John Wasik, writing in Forbes on 21 June:
“There’s always a fine line between creative disruption and creative destruction. Such is the beastly nature of capitalism.”
According to Wasik, the deal is about busting the supply chain. Amazon is planning to reinvent the current business style and “create a new business model”.
If that doesn’t put a tremor through suppliers, TKR is unsure what would. The obvious move is direct dealing with domestic suppliers, and the streamlining of all suppliers. Margins for those suppliers will be skinny.
Wasik: “Reinvent inventory systems: Amazon’s great power lies in its computer systems, which track the location and movement of millions of items. What if Amazon efficiently applied its computing power to the even more complex food distribution system, which relies on moving perishable items into warehouses and stores before they spoil?

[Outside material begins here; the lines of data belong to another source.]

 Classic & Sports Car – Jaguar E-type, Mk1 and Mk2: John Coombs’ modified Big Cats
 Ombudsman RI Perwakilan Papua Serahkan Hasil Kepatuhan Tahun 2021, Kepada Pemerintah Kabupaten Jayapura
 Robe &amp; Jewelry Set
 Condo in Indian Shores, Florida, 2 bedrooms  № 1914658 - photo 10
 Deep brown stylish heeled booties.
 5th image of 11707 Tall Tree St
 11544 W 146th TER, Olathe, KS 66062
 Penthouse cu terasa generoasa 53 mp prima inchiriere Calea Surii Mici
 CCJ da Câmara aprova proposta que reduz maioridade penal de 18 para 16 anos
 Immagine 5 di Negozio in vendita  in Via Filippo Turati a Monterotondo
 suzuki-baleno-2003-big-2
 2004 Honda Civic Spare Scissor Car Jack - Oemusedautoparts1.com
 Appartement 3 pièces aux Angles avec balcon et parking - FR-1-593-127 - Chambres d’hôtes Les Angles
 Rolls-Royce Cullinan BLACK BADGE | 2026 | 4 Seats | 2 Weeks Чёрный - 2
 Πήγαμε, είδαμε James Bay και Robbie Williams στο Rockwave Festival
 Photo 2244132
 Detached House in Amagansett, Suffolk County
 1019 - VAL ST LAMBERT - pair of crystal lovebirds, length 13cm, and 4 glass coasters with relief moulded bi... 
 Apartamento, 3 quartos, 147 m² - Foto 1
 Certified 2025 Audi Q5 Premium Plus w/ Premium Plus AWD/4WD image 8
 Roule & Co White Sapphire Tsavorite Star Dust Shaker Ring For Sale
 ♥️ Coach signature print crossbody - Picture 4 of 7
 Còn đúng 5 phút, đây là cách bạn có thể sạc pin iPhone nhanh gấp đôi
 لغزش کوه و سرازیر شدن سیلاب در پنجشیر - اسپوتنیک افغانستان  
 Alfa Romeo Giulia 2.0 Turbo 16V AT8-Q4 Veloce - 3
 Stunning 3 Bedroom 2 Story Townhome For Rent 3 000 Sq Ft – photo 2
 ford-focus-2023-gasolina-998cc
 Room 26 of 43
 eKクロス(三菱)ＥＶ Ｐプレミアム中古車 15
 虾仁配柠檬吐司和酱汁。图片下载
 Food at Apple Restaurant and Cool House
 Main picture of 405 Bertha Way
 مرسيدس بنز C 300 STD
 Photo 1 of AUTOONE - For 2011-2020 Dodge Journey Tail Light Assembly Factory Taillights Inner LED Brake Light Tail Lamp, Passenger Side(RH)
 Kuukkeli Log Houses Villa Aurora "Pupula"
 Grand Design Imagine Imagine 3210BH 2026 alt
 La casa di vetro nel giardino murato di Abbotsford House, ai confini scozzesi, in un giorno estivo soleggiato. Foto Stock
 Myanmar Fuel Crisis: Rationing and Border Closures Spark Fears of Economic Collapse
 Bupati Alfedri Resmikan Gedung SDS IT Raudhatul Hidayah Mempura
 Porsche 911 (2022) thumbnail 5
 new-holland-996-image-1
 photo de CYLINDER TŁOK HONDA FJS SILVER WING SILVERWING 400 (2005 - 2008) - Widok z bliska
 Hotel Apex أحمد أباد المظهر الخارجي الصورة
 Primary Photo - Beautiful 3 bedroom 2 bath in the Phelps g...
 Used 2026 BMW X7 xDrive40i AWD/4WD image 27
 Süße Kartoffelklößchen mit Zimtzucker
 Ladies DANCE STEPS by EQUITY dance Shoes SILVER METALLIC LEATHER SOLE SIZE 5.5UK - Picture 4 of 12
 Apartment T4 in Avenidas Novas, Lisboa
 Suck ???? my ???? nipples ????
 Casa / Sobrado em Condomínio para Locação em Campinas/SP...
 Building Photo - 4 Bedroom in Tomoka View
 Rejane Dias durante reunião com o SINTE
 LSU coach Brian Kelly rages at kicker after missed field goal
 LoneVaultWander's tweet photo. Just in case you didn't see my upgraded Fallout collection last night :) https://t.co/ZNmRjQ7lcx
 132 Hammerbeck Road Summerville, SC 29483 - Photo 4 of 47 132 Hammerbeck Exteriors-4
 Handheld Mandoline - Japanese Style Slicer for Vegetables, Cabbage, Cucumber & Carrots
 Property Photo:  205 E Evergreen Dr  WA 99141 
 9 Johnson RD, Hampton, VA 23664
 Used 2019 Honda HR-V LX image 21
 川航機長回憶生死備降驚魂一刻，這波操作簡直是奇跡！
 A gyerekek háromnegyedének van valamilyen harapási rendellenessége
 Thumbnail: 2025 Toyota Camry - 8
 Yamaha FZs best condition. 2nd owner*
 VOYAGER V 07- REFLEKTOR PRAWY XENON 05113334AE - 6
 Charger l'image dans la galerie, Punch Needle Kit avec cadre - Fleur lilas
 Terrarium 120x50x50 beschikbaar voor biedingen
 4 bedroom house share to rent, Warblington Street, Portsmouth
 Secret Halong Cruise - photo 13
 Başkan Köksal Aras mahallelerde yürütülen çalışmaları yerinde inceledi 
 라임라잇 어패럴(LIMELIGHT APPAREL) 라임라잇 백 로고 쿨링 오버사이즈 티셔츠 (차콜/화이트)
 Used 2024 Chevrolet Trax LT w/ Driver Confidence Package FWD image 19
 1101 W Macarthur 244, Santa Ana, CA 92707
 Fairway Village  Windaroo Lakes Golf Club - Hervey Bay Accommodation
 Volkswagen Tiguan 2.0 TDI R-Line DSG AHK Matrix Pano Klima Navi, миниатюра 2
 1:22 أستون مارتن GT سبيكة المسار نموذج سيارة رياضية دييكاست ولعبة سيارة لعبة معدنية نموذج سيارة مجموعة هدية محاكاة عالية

“The massive disruption in inventory systems is this: Amazon will establish direct relationships with farmers, thus trimming the produce and meat distribution network. Cut the middleman out and you can offer faster delivery and a greater quantity of goods at a lower price.”
Matthew Yglesias’s story on vox.com on 20 June had an eye-opening headline and standfirst: “The real reason Amazon buying Whole Foods terrifies the competition: Amazon’s zero profit strategy is a disaster for anyone who goes up against it.”
Zero is harsh but it’s not far off. Amazon’s figures (below, in US$) are interesting: high sales but very small net profits. With a share price of US$1004, investors must be looking for a return some time in the future.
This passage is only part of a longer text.